╭─ The data
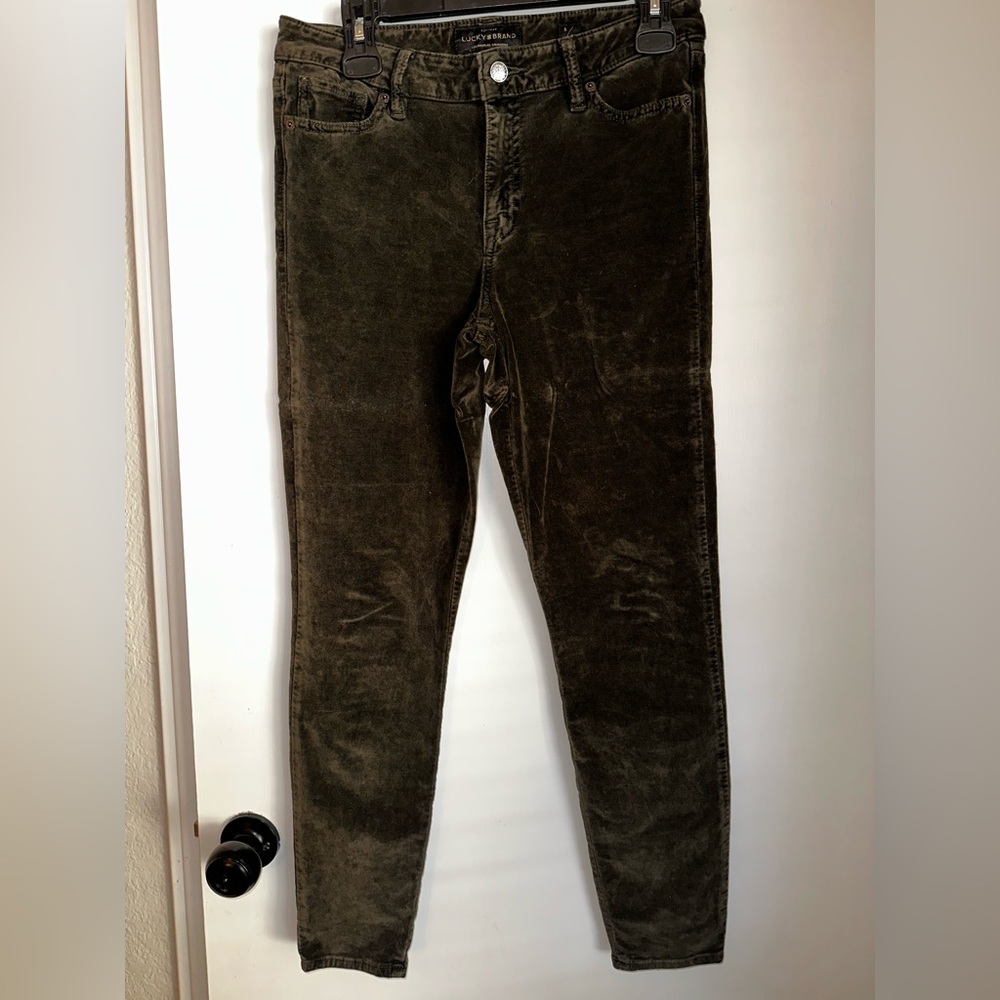 Lucky Brand Olive Green Corduroy Trousers
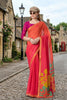  Pink Linen Cotton Saree with Abstract Print Pallu Designer Blouse 
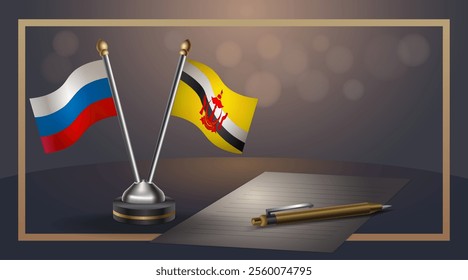 Small national flag of Russian and Brunei flag Relation, Template banner vector  Illustration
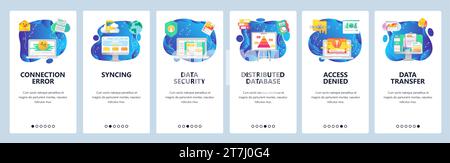 Mobile app onboarding screens. Computer technology, cyber security, access denied, data sync, connection error. Vector banner template for website and Stock Vector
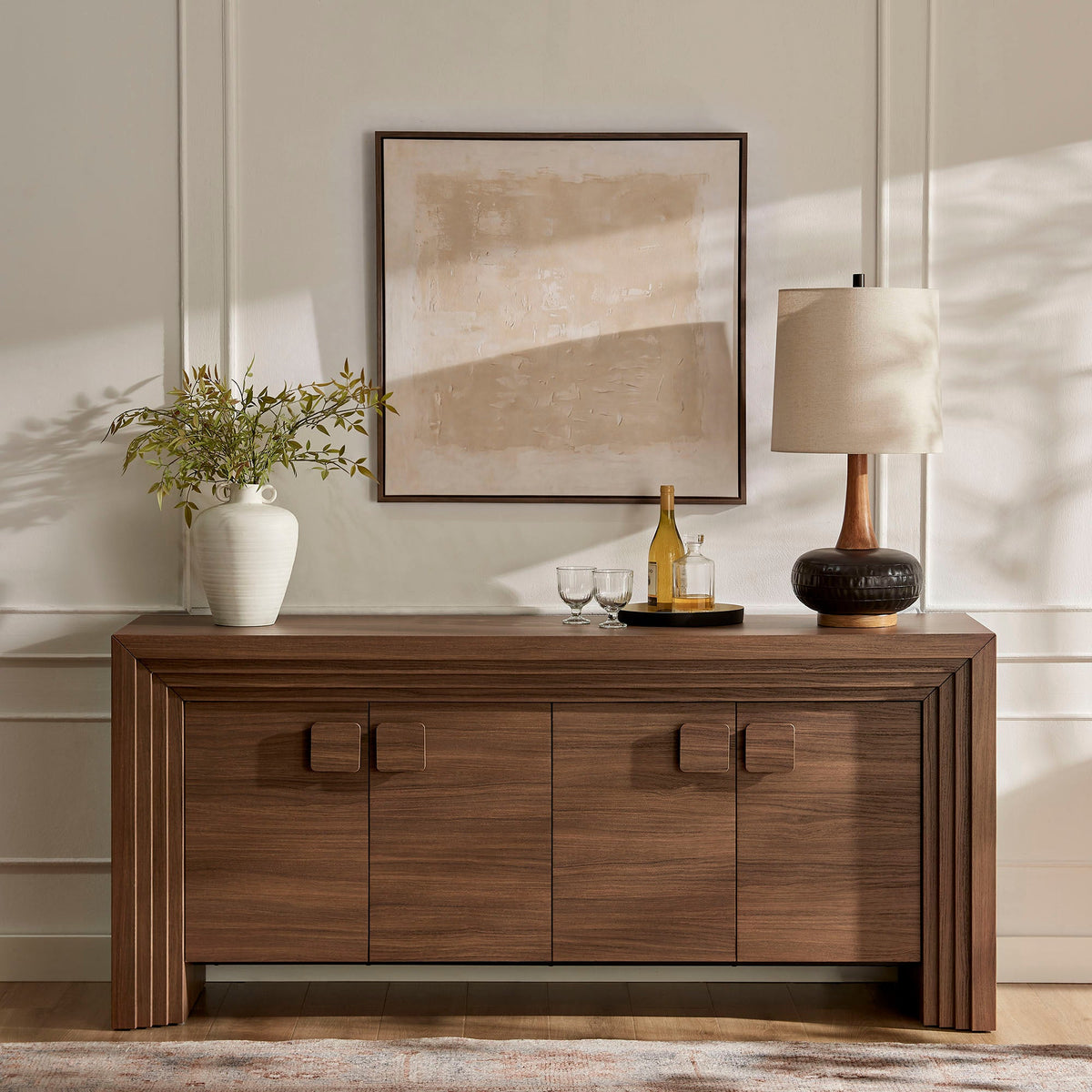 Olney Walnut 4-Door Fluted Sideboard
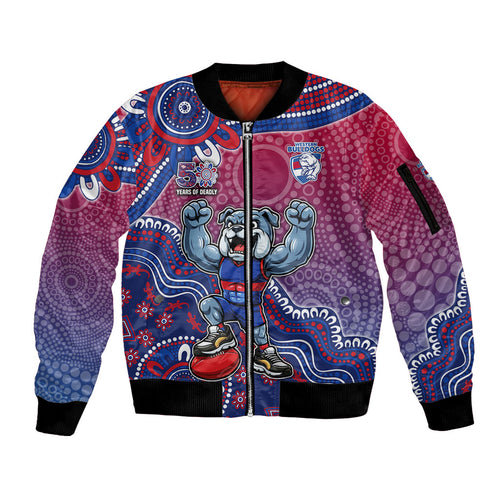 Personalized Western Bulldogs Football Mascot Sleeve Zip Bomber Jacket Aboriginal Dot Art Style Vibrant Indigenous Pattern Design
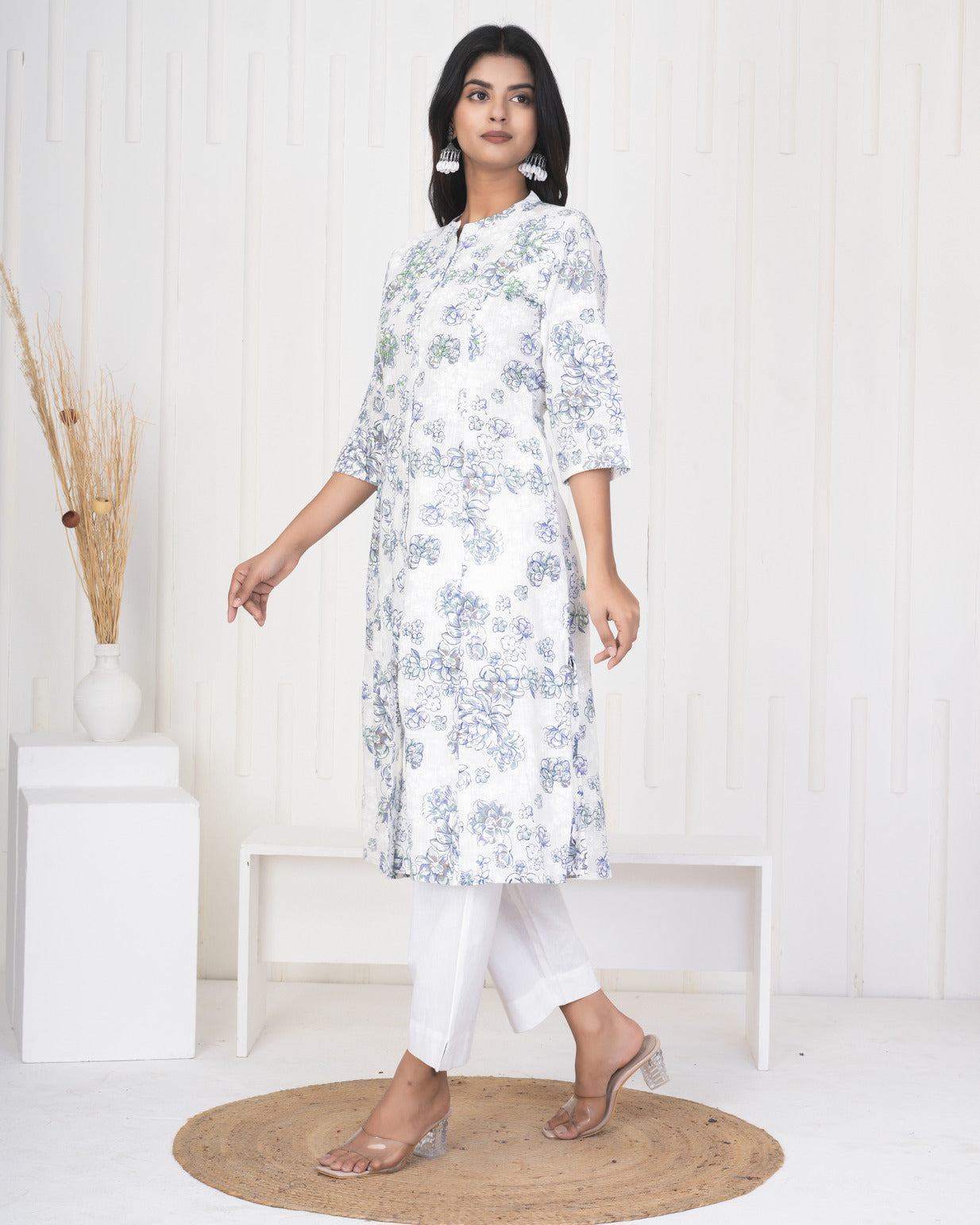 White With Embroidery Floral Work Cotton Kurti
╰─
▶ Assignment
Put down exactly the lines of the data above that run from its first line through the line bearing "Olney Walnut 4-Door Fluted Sideboard", and no pictures.

▶ Reply
 Lucky Brand Olive Green Corduroy Trousers
  Pink Linen Cotton Saree with Abstract Print Pallu Designer Blouse 
 Small national flag of Russian and Brunei flag Relation, Template banner vector  Illustration
 Mobile app onboarding screens. Computer technology, cyber security, access denied, data sync, connection error. Vector banner template for website and Stock Vector
 Olney Walnut 4-Door Fluted Sideboard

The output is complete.